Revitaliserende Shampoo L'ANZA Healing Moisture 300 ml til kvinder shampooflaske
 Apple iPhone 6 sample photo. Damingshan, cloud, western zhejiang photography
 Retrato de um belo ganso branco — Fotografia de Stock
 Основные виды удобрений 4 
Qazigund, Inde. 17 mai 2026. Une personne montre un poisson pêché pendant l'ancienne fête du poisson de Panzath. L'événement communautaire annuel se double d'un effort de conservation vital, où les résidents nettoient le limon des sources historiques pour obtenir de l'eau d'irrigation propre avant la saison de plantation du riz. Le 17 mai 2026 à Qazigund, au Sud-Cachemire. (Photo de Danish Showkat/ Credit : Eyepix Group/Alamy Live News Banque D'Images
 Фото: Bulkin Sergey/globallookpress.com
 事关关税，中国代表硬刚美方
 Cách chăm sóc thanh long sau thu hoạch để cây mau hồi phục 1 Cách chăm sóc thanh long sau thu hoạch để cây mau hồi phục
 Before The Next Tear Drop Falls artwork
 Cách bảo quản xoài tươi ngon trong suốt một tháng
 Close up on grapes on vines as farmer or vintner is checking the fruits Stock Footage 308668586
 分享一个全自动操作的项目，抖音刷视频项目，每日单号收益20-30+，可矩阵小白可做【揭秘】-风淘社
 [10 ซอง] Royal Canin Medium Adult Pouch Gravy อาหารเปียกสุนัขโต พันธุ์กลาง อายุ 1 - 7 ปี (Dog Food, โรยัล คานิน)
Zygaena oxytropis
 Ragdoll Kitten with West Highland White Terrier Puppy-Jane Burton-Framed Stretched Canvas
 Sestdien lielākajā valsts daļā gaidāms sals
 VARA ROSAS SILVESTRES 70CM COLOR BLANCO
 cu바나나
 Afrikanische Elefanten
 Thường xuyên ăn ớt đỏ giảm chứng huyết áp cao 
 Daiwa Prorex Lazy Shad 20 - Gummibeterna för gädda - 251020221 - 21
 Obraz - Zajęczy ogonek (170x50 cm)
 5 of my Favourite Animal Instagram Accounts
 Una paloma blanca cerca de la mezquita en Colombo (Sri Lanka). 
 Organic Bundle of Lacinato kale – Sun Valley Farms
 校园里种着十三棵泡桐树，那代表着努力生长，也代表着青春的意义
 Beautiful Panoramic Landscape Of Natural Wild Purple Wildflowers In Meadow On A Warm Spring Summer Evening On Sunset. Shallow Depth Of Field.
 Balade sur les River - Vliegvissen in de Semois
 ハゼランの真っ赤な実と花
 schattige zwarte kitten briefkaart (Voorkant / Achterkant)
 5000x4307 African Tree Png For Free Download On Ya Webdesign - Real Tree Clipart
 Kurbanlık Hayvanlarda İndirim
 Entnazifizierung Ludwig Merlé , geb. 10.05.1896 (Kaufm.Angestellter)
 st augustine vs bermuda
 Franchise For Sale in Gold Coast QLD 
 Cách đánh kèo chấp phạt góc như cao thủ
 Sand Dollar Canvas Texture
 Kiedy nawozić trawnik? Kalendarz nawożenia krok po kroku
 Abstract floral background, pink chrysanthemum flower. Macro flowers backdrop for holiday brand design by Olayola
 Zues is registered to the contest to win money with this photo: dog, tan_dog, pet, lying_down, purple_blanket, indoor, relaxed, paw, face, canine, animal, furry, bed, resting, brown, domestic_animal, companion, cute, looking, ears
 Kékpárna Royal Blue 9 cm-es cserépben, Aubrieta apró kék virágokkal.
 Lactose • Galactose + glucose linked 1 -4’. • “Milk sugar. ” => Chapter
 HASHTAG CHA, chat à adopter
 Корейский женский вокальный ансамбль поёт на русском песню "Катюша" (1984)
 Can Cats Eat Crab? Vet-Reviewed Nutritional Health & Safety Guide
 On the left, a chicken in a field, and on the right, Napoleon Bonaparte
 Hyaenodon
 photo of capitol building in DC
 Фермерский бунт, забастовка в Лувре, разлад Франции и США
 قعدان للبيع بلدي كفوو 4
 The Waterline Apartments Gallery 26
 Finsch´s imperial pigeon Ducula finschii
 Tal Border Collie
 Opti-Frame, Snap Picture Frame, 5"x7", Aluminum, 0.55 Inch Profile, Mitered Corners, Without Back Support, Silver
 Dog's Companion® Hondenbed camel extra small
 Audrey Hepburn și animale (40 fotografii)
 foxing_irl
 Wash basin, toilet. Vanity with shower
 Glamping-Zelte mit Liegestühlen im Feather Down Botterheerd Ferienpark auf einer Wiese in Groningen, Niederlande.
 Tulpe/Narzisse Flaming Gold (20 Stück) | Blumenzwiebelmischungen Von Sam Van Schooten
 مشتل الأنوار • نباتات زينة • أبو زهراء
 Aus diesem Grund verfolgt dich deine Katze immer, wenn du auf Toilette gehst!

WORK REQUEST:
Return only this span, exactly: the line that contains "Can Cats Eat" and all lines after it to the end of the records.

TASK OUTPUT:
 Can Cats Eat Crab? Vet-Reviewed Nutritional Health & Safety Guide
 On the left, a chicken in a field, and on the right, Napoleon Bonaparte
 Hyaenodon
 photo of capitol building in DC
 Фермерский бунт, забастовка в Лувре, разлад Франции и США
 قعدان للبيع بلدي كفوو 4
 The Waterline Apartments Gallery 26
 Finsch´s imperial pigeon Ducula finschii
 Tal Border Collie
 Opti-Frame, Snap Picture Frame, 5"x7", Aluminum, 0.55 Inch Profile, Mitered Corners, Without Back Support, Silver
 Dog's Companion® Hondenbed camel extra small
 Audrey Hepburn și animale (40 fotografii)
 foxing_irl
 Wash basin, toilet. Vanity with shower
 Glamping-Zelte mit Liegestühlen im Feather Down Botterheerd Ferienpark auf einer Wiese in Groningen, Niederlande.
 Tulpe/Narzisse Flaming Gold (20 Stück) | Blumenzwiebelmischungen Von Sam Van Schooten
 مشتل الأنوار • نباتات زينة • أبو زهراء
 Aus diesem Grund verfolgt dich deine Katze immer, wenn du auf Toilette gehst!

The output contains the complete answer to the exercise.